Un atlante interattivo basato su tecnologia di imaging avanzata
Questo strumento digitale è stato realizzato grazie al contributo del super microscopio europeo European Synchrotron Radiation Facility (ESRF) di Grenoble. Il portale consente agli utenti di visualizzare più di 50 organi provenienti da 25 donatori, con una risoluzione che arriva quasi al livello cellulare, fino a meno di un millesimo di millimetro. La tecnologia alla base, chiamata tomografia a contrasto di fase gerarchica (HiP-CT), sfrutta una sorgente di sincrotrone di nuova generazione estremamente luminosa, fino a 100 miliardi di volte più potente rispetto agli scanner TAC convenzionali.
Questa avanzata tecnica consente di acquisire immagini di organi interi ex vivo in modo non distruttivo, colmando così un divario storico tra radiologia e istologia. I dati ottenuti sono di dimensioni impressionanti, con singoli set che possono superare il terabyte: il più grande, un cervello umano, raggiunge addirittura i 14 terabyte.
Per garantire un facile accesso, il portale offre una visualizzazione interattiva via browser, senza necessità di software specializzati, oltre a set di dati scaricabili a diverse risoluzioni, tutorial e strumenti per l’analisi.
Un progetto internazionale e multidisciplinare
Il risultato del lavoro, durato sei anni, è stato pubblicato sulla rivista Science Advances dal consorzio Human Organ Atlas Hub, che coinvolge nove istituti di Europa e Stati Uniti.
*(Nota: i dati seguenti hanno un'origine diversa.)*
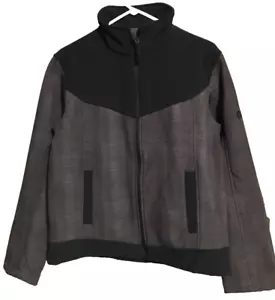 Softshell Jacket Boys Size 18/20 Black & Gray Zip Front Fleece Lining Pockets - Picture 1 of 17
Paul Tafforeau, scienziato responsabile presso l’ESRF e coordinatore del progetto, ha sottolineato l’importanza di rendere questi dati liberamente accessibili a ricercatori, medici, educatori e a chiunque sia interessato a conoscere meglio la struttura del corpo umano.
Attualmente il progetto si concentra sullo studio di organi isolati, ma sono già in corso sviluppi per estendere la tecnica alla visualizzazione di corpi umani interi con risoluzioni dieci o venti volte superiori a quelle attuali.
L’Atlante si propone inoltre come risorsa fondamentale per l’addestramento di sistemi di intelligenza artificiale dedicati all’analisi e alla diagnosi medica, aprendo nuove prospettive per la medicina di precisione e la ricerca biomedicale.
L’intero progetto, noto come Human Organ Atlas HUB (HOAHub), mira a creare un punto di riferimento globale che colleghi immagini cliniche a livello millimetrico con dati molecolari nanometrici, contribuendo a comprendere meglio le malattie, l’invecchiamento e le condizioni di salute.